Tudo em torno da carreira e das criações de Martin Margiela é singular. Até 15 de julho, no Palais Galliera, em Paris, a exposição “Margiela/Galliera, 1989-2009” deixa isso claro, do princípio ao fim. Vinte anos depois de ter criado a marca homónima, Martin Margiela retirou-se. A figura permanece envolta em mistério — poucas entrevistas, ainda menos fotografias e uma relutância em percorrer a passerelle no final dos desfiles. Era o trabalho que importava, não a figura do criador. Na exposição, que inaugurou no início de março, é o próprio quem assume a direção criativa. Através de vídeos, recortes de imprensa, instalações, peças de arquivo e mais de 100 coordenados são percorridas as duas décadas em que esteve à frente da maison Margiela. Pelo meio, entre 1997 e 2003, foi também diretor criativo da Hermès.
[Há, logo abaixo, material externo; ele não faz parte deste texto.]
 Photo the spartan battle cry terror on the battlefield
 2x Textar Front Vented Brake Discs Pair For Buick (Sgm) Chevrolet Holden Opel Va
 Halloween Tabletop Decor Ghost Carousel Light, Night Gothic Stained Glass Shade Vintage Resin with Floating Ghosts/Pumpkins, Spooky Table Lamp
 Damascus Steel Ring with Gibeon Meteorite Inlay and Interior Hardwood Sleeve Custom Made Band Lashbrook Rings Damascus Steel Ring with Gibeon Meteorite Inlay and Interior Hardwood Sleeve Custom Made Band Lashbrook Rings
O designer não foi só o único belga da sua geração a fundar uma maison em Paris, foi disruptivo e desconstrutor, expressões que, depois dele, nunca mais deveriam ser usadas em vão. Tento na língua e na forma de olhar para a moda. Margiela evidenciou, como poucos no século XX foram capazes, a estreita relação entre roupa e arte. Foi a fundo quando explorou essa fronteira, fundiu as duas áreas numa completa promiscuidade e regressou para adaptar este processo ao vestuário do dia a dia.
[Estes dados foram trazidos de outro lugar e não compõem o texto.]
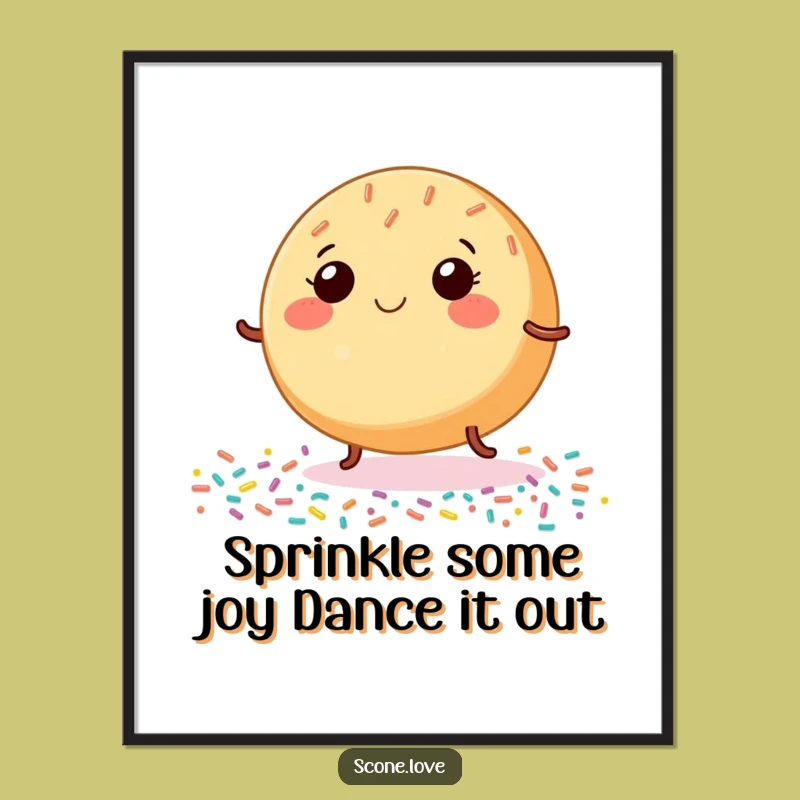 Free Printable Wall Art: Dancing Donut Funny Food Downloadable Decor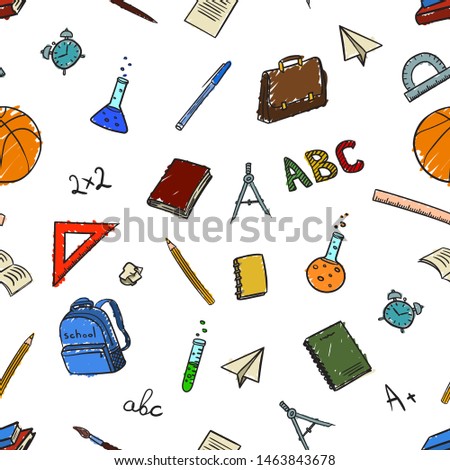 seamless pattern with school elements on return to school the first of september in style in color. Vector illustration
Botas tabi, 1991 © Françoise Cochennec/Galliera/Roger-Viollet

“Foi realmente um choque para toda a gente ver as primeiras silhuetas de Margiela… percebias que ele estava muito mais à frente do que qualquer outra pessoa”, afirmou o designer Bob Verhelst à revista Icon, em 2009, ao falar sobre o primeiro desfile do criador, em outubro de 1988. Foi no Café de la Gare, em Paris, e a cidade e o mundo gravaram o momento na memória. O ambiente underground contrastava com o fausto das grandes apresentações da semana da moda. As modelos deixavam pegadas de tinta numa faixa de tecido branco que cobria a passerelle, pegadas essas que não tinham uma forma qualquer. Para o verão de 1989, a sua coleção de estreia, Margiela desenhou as botas tabi, que permanecem até hoje como ex-líbris da marca. Outra peça que deu nas vistas: uma camisola transparente, em poliamida, estampada com tatuagens polinésias. Os anos 90 ainda não tinham chegado e o designer belga já antecipava as silhuetas que se viriam a celebrizar anos mais tarde. A assistência vibrou.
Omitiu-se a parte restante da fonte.